Safra kesesi taşlarını önlemek için yaşam tarzınızı değiştirmeniz gerekir
Hanoi Tam Anh Genel Hastanesi Gastroenteroloji-Hepatobiliyer-Pankreas Bölümü Başkanı ve eski Bach Mai Hastanesi Gastroenteroloji Bölümü Başkanı Dr. Vu Truong Khanh, safra kesesinin temel işlevinin yağ sindirimine yardımcı olmak için safra depolamak ve salgılamak olduğunu söyledi.
Safra, kolesterol, bilirubin ve safra tuzlarından oluşur; bu bileşenler dengede olmadığında kristalleşerek çeşitli boyutlarda safra taşları oluşturabilirler. Üç ana safra taşı türü vardır: kolesterol taşları (en az %80 kolesterol içerir, tek tek oluşur, her biri yaklaşık 2-3 cm uzunluğundadır); safra pigment taşları (biluribin taşları olarak da bilinir) (%20'den az kolesterol içerir, genellikle çok sayıda oluşur); karışık taşlar (genellikle safra yolu enfeksiyonlarından sonra ortaya çıkan, %20-80 kolesterol, kalsiyum ve safra pigmenti içerir, röntgenle tespit edilebilir). Günümüzde Vietnam'da safra taşları çoğunlukla kolesterol taşlarıdır.
Safra kesesi taşları, zamanında tespit edilip tedavi edilmezse kolesistit, akut pankreatit, safra kesesi delinmesi, safra yolu enfeksiyonu ve hatta safra kesesi kanseri gibi birçok ciddi komplikasyona yol açabilir. Özellikle büyük taşlar safra kanalı tıkanıklığına yol açarak hastalığın daha hızlı ve tehlikeli ilerlemesine neden olabilir.
Dr. Khanh'a göre safra kesesi taşları, genellikle orta yaşlı ve ileri yaştaki kişilerde görülen yaygın bir sindirim sistemi hastalığıdır. Ancak son yıllarda, sağlıksız yaşam tarzlarının etkisiyle gençlerde de hastalığın görülme sıklığı hızla artmıştır.
Sağlık Bakanlığı'na göre, Vietnam'da safra kesesi taşları tüm safra kesesi taşı vakalarının yaklaşık %60-70'ini oluşturmaktadır. Özellikle, hastaların yalnızca yaklaşık %10-20'sinde teşhisten hemen sonra hiçbir belirti görülmez ve belirtiler 5-20 yıl sonra ortaya çıkabilir. Geri kalan hastalar ise, hastalık komplikasyonlara yol açtığında doktora başvurmaktadır ve bu da tedaviyi daha karmaşık hale getirmektedir.
Dr.
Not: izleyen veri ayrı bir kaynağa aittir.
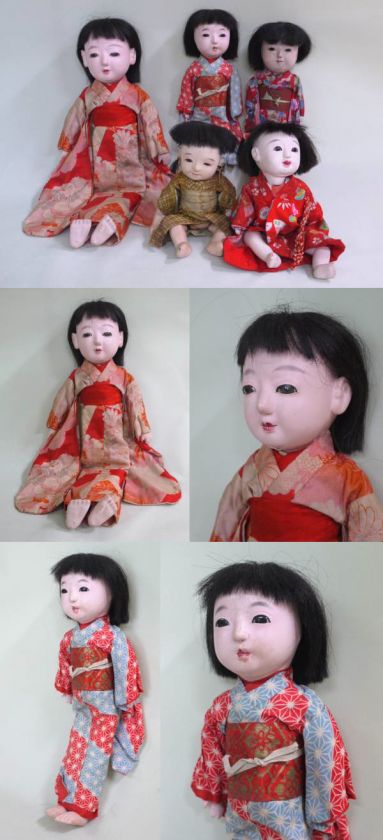 Japanese Geisha Kimono Ichimatsu HAIHAI shunga hina Gofun Doll Ningyo 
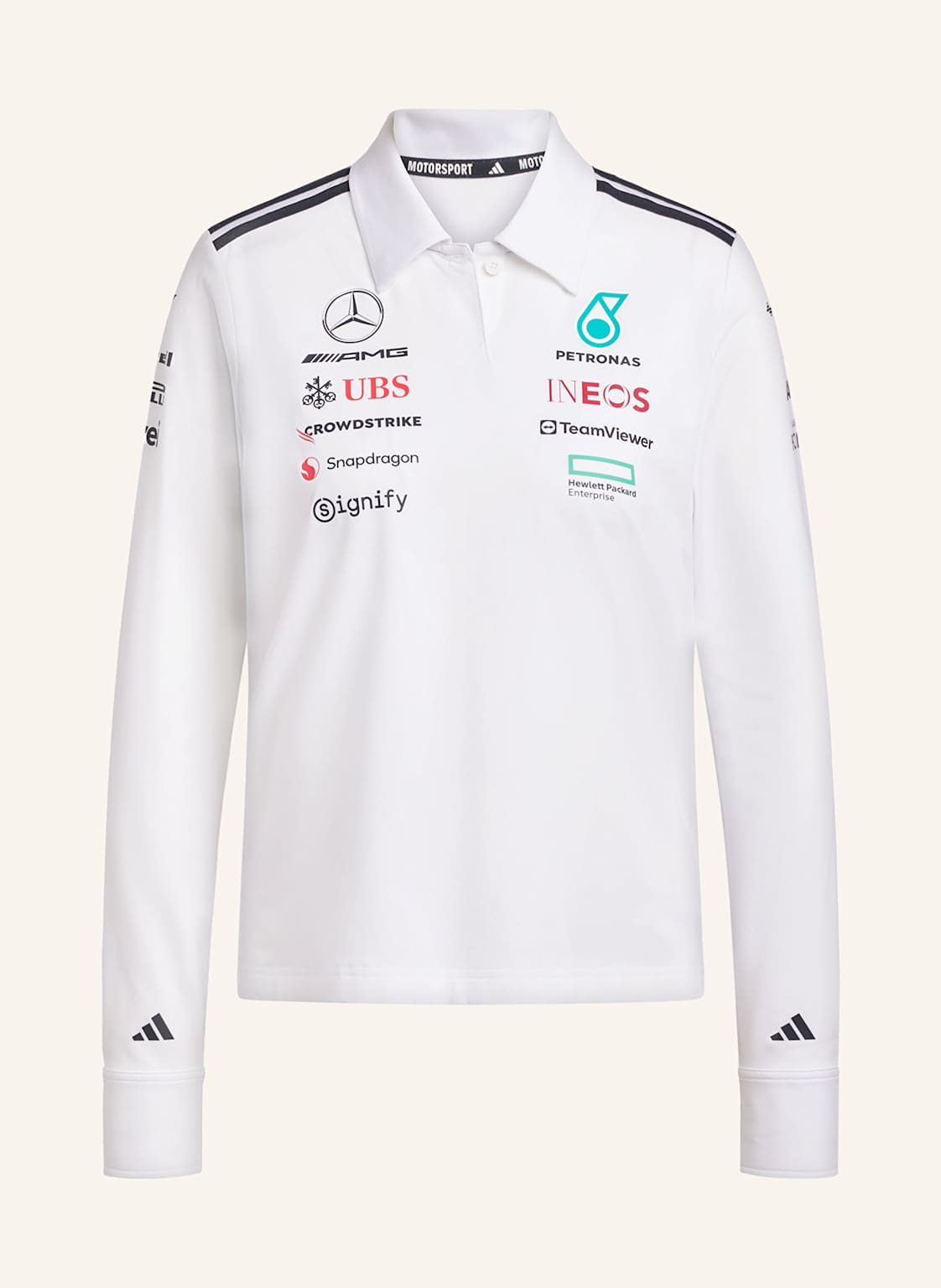 Adidas Jersey-Poloshirt Mercedes - Amg Petronas Formula One Team weiss von Adidas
Khanh, "Yağ oranı yüksek, işlenmiş gıdalar, çok fazla et tüketip yeşil sebze ve lif eksikliği, öğün atlama veya çok hızlı kilo verme alışkanlığı, safra kesesinin kolayca kristalleşip taş oluşturmasına neden olur. Ayrıca, uzun süre egzersiz yapmadan oturmak, aşırı kalori tüketimine yol açan aşırı kilo, obezite, dislipidemi ve metabolik sendrom gibi toplam kolesterol ve safra metabolizması bozukluklarıyla ilişkili faktörler de safra kesesi taşlarına yol açabilir," dedi.
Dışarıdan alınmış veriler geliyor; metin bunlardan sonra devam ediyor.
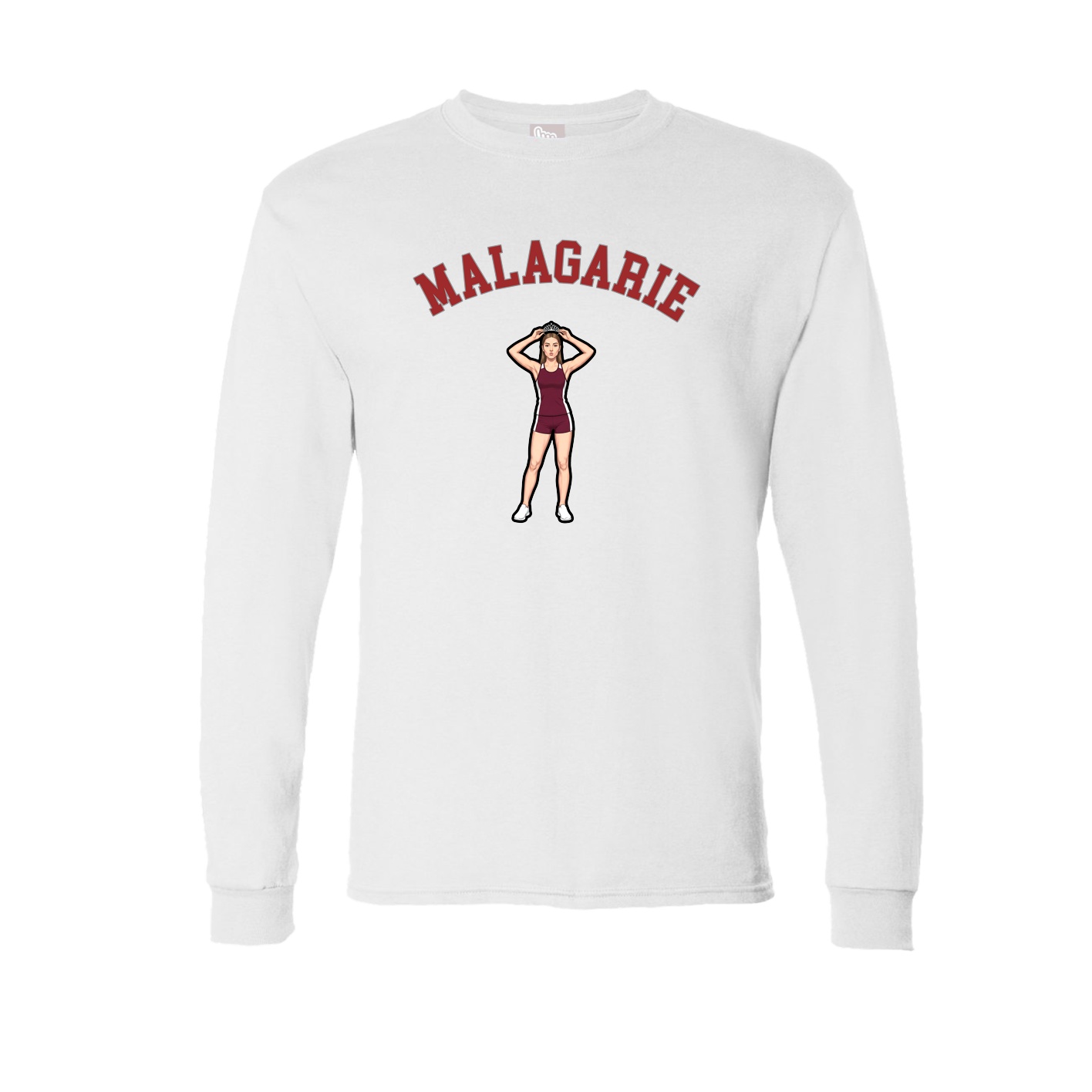 Long Sleeve Tee — Shirsey Arch in White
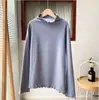Camiseta Térmica de Cuello Medio Ajustada 2026 Nuevo Top de Manga Larga para Mujer, Top Chic Ajustado para Principios de Primavera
Safra kesesi taşlarını önlemek için, kişilerin ılımlı bir yaşam tarzı benimsemeleri, egzersiz yapmaları , makul bir kiloda kalmaları, yeşil sebzeler ve lif açısından zengin bir beslenme düzenine öncelik vermeleri, yağlı yiyecekleri, işlenmiş gıdaları ve uyarıcıları sınırlamaları gerekir. Yeterli su içmek ve düzenli fiziksel aktivite yapmak da safra kesesi taşlarının oluşumunu önlemede önemli rol oynar.
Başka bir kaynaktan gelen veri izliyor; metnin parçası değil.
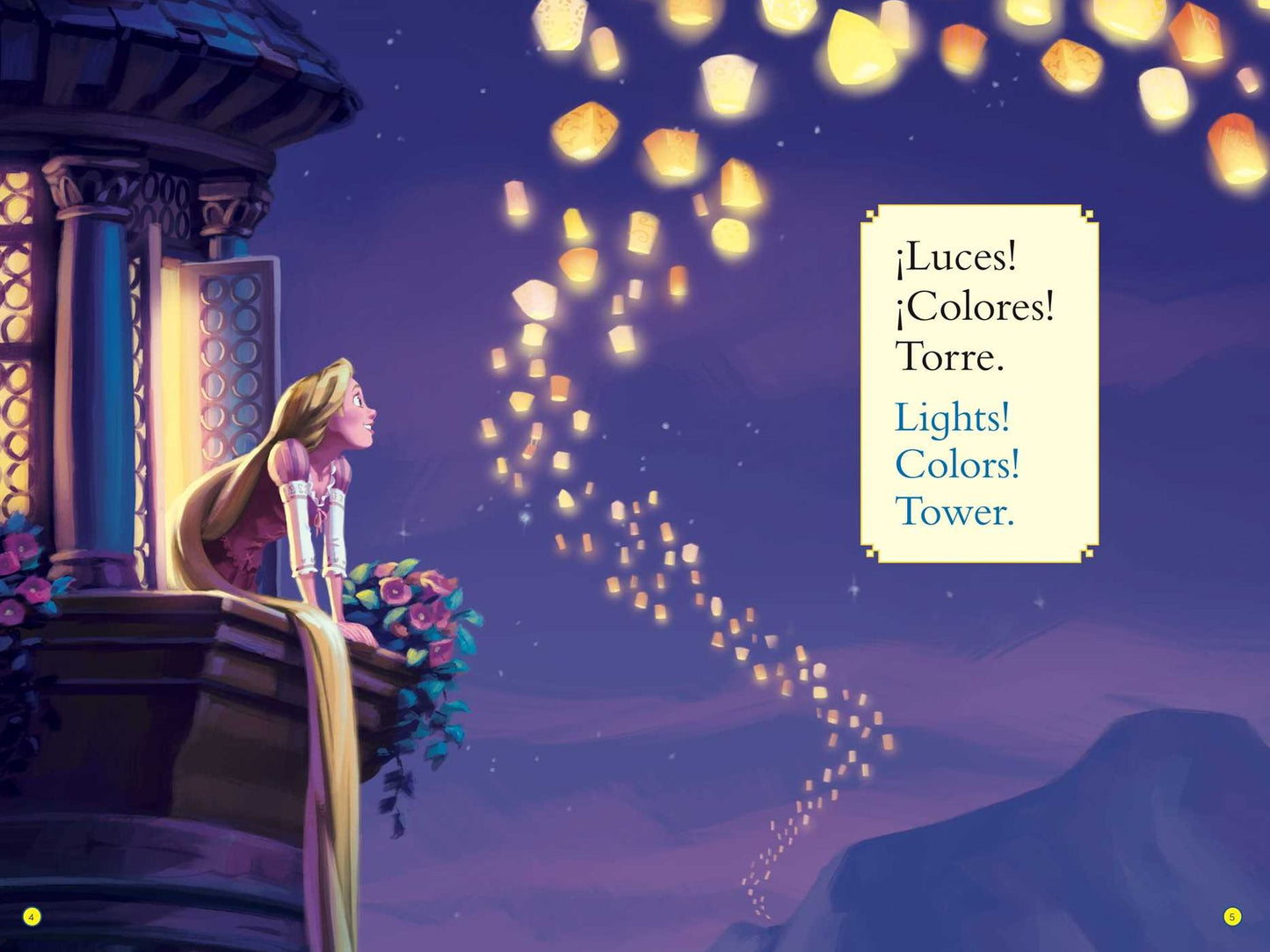 Rapunzel Loves Colors / A Rapunzel le encantan los colores (English-Spanish) (Disney Tangled) (Level Up! Readers)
Ayrıca, sağ hipokondriumda ağrı, yemekten sonra şişkinlik, mide bulantısı vb. gibi belirtiler olduğunda, sübjektif olmayın ve sindirim sorunlarını tespit etmek için doktora başvurun. Taşların olduğu ancak herhangi bir semptomun olmadığı durumlarda bile, tehlikeli komplikasyonlardan kaçınmak için hasta düzenli olarak takip edilmelidir.